Bank owned multifamily properties came in at just 8.3% with only 11% of banks having problems and farmland made up the remaining sliver.
The sum total of reported REO from California’s banks currently sits at $1.74B.
Fewer Commercial Properties Headed to Foreclosure
California banks saw a reduction in the total volume of early stage commercial real estate defaults (30-89 days late) of about 8.4% from the previous quarter which is just slightly better than the US average for Sep 2011. Later stage non performing commercial real estate loans (non accrual) fell by a similar amount.
Even as S&P is downgrading banks nationwide, banks are reporting improvements in CRE loans. It is interesting to note, however, that the commercial REO only represents about 13% of the total volume of distressed CRE assets currently reported.
This points to a LOT more bank owned commercial foreclosure inventory showing up on the market in the not-too distant future or else broader non performing loan sales. The assets have to go somewhere…
Construction Loans Still a Plague, But Less So…
Construction loans collapsed early in the cycle and if you’ve been trying to get one you know that banks aren’t giving them. Banks in California have been steadily reducing their construction loan exposure and consistently writing down losses but we’re not seeing much in the way of sales. Of course financing is the reason there aren’t substantial construction REO sales at this point, on both sides, meaning end product residential loans are difficult but construction loans are near impossible. Sort of self fulfilling isn’t it… Late and non performing construction loans and REO topped $2.4B for CA banks for Sep 2011.

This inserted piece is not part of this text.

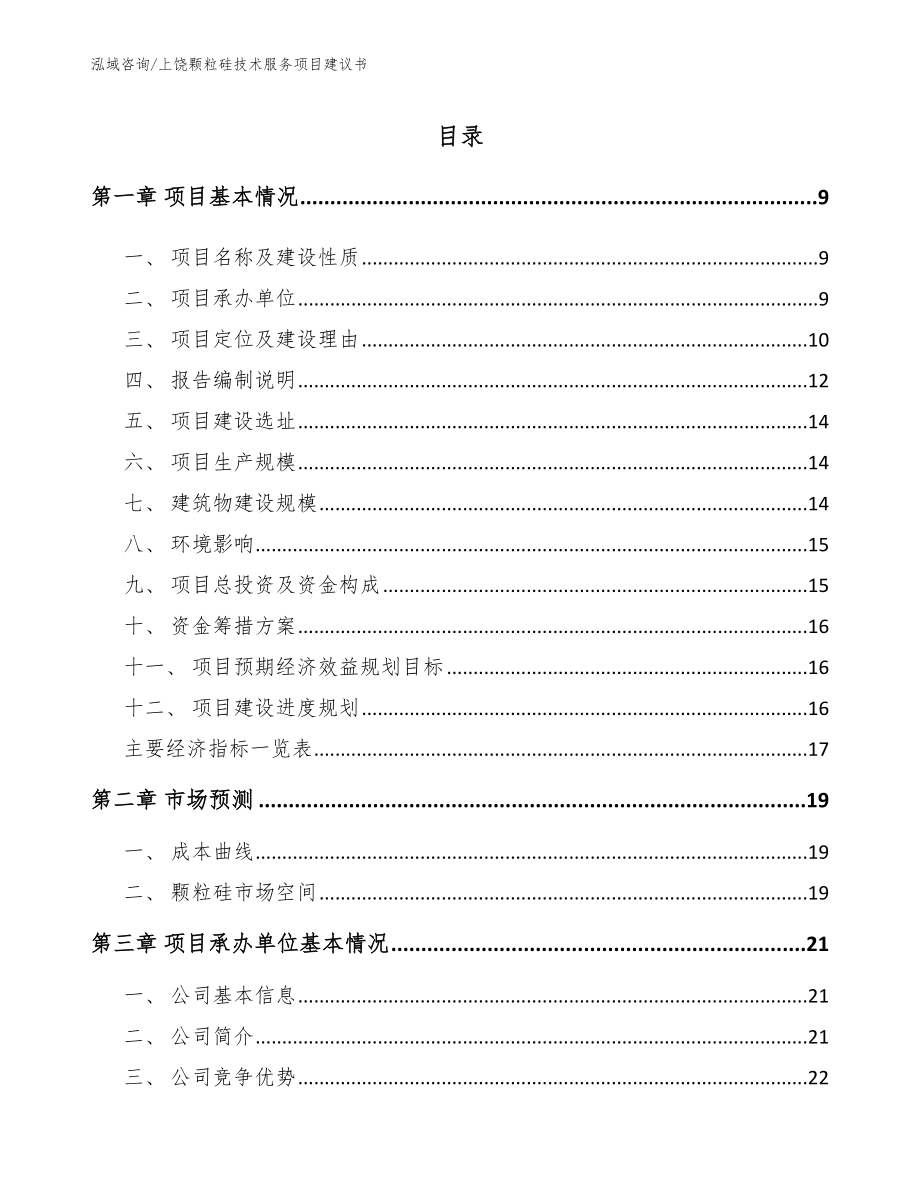 上饶颗粒硅技术服务项目建议书【模板】_第1页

Early Stage Residential Default Soars
Residential first position loans 30-89 days late, the first stage of default, jumped by 23.8% for CA banks. Residential REO bumped up slightly, and over all distressed residential loans and bank owned property rose about 4%.
Right now only 7% of the trouble has actually made it’s way to market as 0REO. Another way to say this is that there’s potential to see 14X the current volume of bank owned residential properties on the market with CA banks… Fifty banks reported $1.38B in residential loans in the process of foreclosure.
Multifamily Continues as a Bright Spot
Everywhere you look it seems multifamily (5+ residential units) is the big winner right now. California banks are seeing substantially reduced early stage defaults (30-89 day lates). Fewer than half as many banks reported 30-89 day late loans as they did non accrual (late stage non performing). Roughly 22% of the total volume of problems already found it’s way in as REO.
Next quarter we hope to start to take a look at where lending is increasing, or decreasing.
As we look across the stats for the US it seems pretty clear that we have a long, long way before we’re out of the woods and California’s banks are no exception. At the same time if you’re well positioned right now it’s these circumstances that produce serious wealth one or two decades from now.
When I got my start in this business, a little more than a decade ago (seems like yesterday), I remember working with investors who had bought during the ‘RTC‘ days, or I should say trying to work with them … They’d turn up their noses at a lot of the returns I’d show them and tell me about the old days… of course I was sure (until 2006) that they were reminiscent dreamers who were missing the boat, we’d never see RTC type discounts again… right?